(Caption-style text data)
══════════════════════════════

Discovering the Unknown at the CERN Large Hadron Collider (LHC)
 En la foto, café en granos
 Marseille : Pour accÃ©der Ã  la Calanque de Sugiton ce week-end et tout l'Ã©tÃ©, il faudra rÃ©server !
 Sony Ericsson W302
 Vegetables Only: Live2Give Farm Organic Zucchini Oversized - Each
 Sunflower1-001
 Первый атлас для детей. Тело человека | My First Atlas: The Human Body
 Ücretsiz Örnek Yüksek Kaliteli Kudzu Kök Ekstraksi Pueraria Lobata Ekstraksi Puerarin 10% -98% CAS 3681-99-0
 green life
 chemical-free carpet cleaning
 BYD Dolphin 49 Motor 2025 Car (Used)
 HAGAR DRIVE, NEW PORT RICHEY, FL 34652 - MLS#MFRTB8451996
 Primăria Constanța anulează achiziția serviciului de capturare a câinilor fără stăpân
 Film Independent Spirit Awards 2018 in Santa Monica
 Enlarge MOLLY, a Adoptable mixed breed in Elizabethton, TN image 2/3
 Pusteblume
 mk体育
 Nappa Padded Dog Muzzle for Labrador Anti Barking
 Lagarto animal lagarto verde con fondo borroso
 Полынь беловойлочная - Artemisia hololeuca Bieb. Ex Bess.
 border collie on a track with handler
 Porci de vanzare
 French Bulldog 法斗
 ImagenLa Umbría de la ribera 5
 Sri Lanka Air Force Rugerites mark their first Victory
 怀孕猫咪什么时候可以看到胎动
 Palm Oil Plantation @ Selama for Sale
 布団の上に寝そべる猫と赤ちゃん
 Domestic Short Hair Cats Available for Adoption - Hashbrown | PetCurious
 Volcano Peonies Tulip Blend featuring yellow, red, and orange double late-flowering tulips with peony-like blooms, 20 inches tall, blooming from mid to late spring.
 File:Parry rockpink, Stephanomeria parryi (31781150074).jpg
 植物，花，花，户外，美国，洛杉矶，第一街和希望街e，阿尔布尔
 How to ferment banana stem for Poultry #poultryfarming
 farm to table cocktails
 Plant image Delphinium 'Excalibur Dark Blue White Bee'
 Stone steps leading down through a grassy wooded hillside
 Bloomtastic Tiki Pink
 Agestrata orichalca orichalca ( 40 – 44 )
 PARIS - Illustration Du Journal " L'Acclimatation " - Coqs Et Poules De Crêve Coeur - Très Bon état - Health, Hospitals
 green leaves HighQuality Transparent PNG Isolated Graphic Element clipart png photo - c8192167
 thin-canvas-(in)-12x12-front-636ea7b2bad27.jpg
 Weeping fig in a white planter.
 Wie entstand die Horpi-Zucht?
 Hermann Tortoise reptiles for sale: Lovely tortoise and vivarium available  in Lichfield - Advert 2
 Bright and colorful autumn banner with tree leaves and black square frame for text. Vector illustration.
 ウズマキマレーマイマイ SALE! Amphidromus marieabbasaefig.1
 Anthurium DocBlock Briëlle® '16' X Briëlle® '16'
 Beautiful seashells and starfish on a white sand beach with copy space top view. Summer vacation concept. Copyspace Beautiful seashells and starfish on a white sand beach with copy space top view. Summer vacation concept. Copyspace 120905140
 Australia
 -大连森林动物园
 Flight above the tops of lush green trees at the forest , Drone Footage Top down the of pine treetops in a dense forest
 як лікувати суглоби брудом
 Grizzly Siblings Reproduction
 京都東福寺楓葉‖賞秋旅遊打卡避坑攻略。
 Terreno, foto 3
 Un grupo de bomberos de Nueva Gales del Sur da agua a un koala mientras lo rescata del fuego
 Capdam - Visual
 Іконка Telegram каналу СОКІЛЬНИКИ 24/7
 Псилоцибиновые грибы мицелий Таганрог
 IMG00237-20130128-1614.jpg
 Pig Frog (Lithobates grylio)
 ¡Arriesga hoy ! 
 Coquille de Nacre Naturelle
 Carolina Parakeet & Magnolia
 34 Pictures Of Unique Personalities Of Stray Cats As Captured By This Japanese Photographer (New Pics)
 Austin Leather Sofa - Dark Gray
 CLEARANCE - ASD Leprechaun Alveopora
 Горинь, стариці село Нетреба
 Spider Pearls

══════════════════════════════

▸ Problem to work on
Only the lines above starting at the one containing "Полынь беловойлочная - Artemisia" and ending at the one containing "Domestic Short Hair", both included, are to be returned, exactly as they read.

▸ Answer space
 Полынь беловойлочная - Artemisia hololeuca Bieb. Ex Bess.
 border collie on a track with handler
 Porci de vanzare
 French Bulldog 法斗
 ImagenLa Umbría de la ribera 5
 Sri Lanka Air Force Rugerites mark their first Victory
 怀孕猫咪什么时候可以看到胎动
 Palm Oil Plantation @ Selama for Sale
 布団の上に寝そべる猫と赤ちゃん
 Domestic Short Hair Cats Available for Adoption - Hashbrown | PetCurious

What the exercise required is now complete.